There are quite a few things wrong with this analysis. As the media often do, they grossly oversimplify and mischaracterize a Supreme Court justice’s philosophy. David Souter is many things, but certainly one of them is not a “progressive voice.” To be sure, he was in practice at least one of the most liberal justices, but that is, frankly, not saying much. Souter’s judicial hero, as Jeffrey Toobin describes in his wonderful book, was Warren Court-era conservative John Marshall Harlan. What the two shared was a commitment to precedent and judicial incrementalism, the idea that law ought to change slowly if it changes at all, that the Supreme Court’s purpose is not to shape society to its whims, but to decide concrete cases, provide clear rules, and largely preserve what has come before.
This is a deeply conservative tendency, made “liberal” only by the context of the times in which Souter served. The last two decades have been marked by rear-guard actions against an ascendant “conservative” bloc that wants to overturn decades of precedents in areas as diverse as federalism, church-state relations, and, of course, abortion. So Souter naturally found himself on the side of the “liberals.” Had he been on the Court forty years earlier, when Warren Court liberals were reading constitutional rights as broadly as possible, he likely would have been a “conservative voice.” His not-too-fast philosophy cannot be captured with crude descriptors like “liberal” and “conservative”; it stems from a fundamental belief about the role of judges, which Souter always believed should remain small. Keeping with his personality, Souter thought that the Supreme Court ought to be in the background of American life, keep itself out of the headlines, never alter too drastically the basic rights that Americans had come to expect.
Souter might be most remembered for his surprising 1992 vote to save Roe, but the opinion he co-wrote with Justices O’Connor and Kennedy actually reworked the Roe standard in a more “conservative” direction, and in the end, upheld four out of the five state restrictions on abortion that were under review. That was classic Souterism: preserving precedent, preserving a right that American women had come to count on, but doing so from a moderate standpoint, forced to appear “liberal” because of the unconservative designs of the Court’s “conservatives.”

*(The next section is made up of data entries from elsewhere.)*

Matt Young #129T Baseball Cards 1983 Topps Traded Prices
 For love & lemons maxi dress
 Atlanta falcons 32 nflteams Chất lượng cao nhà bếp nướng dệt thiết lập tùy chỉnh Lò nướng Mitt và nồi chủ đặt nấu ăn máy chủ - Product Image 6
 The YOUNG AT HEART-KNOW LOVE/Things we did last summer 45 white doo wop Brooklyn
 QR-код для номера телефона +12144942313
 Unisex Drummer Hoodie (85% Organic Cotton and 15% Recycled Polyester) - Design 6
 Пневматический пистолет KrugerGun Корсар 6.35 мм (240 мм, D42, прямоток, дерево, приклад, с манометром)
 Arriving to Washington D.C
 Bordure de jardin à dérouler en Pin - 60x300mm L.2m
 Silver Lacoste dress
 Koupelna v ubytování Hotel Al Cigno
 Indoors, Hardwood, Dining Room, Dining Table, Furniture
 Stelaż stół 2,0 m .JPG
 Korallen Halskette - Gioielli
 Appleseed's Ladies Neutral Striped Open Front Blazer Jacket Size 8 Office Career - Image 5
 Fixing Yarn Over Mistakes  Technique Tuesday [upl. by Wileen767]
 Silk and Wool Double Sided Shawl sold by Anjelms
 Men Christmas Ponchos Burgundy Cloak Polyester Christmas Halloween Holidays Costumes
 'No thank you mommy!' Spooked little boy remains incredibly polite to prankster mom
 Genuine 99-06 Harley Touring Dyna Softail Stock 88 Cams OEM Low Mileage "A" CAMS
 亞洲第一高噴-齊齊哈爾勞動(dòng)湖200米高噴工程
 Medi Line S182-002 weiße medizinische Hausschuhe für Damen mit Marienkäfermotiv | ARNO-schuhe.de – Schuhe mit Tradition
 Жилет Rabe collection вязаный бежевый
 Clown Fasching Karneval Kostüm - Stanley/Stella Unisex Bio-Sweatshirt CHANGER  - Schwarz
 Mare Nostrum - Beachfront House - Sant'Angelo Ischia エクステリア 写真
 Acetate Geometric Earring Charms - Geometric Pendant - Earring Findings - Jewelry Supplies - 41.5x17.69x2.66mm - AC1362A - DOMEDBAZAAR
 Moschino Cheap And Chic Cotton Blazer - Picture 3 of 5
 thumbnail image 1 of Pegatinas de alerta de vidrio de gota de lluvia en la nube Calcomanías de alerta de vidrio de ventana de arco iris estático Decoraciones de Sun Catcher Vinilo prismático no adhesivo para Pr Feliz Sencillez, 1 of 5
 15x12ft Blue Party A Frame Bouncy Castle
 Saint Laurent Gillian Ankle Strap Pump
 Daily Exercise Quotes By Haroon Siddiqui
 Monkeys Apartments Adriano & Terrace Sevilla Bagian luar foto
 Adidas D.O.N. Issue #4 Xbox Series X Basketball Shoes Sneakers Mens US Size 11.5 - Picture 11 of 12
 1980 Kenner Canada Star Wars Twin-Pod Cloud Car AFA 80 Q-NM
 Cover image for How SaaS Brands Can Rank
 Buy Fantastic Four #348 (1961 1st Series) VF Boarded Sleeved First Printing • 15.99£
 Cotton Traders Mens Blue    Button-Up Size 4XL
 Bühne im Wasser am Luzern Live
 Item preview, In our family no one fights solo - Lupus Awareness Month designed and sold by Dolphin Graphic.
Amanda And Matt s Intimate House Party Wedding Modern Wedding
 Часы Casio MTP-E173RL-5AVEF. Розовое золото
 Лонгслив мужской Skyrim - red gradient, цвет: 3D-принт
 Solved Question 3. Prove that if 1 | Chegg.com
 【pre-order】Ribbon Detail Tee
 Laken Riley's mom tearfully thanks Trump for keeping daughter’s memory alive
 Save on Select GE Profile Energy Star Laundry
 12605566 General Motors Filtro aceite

You might say that, for Souter, rights were a one-way ratchet: you could always have more, but could never have less. You could object that the rights he wanted to conserve (the right to abortion most prominent among them) had to have been created at some point by judicial liberals of a very different mold. But I stand by the idea that Souter’s liberalism was a product of the times, and that, if he had been on a Court full of Marshalls and Brennans, he would have been not just a moderate liberal, but a conservative like his hero Harlan, full of compassion and practicality, but always saying “go slower” if not “don’t go there at all.”
At this moment in time, there may be no practical difference between Souter and someone more committed to legal liberalism, like Ruth Bader Ginsburg. They are both just trying to conserve liberal precedents that came before them, though the latter does so out of a firmer commitment to the precedents’ correctness, while Souter does so out of a commitment to legal stability for its own sake. But Obama is going to appoint someone who will serve for perhaps thirty years, during which time the difference between an incrementalist conservative and a true liberal voice will become more important. I personally hope that he goes with the latter, and in the meantime, enough with the crude political categories.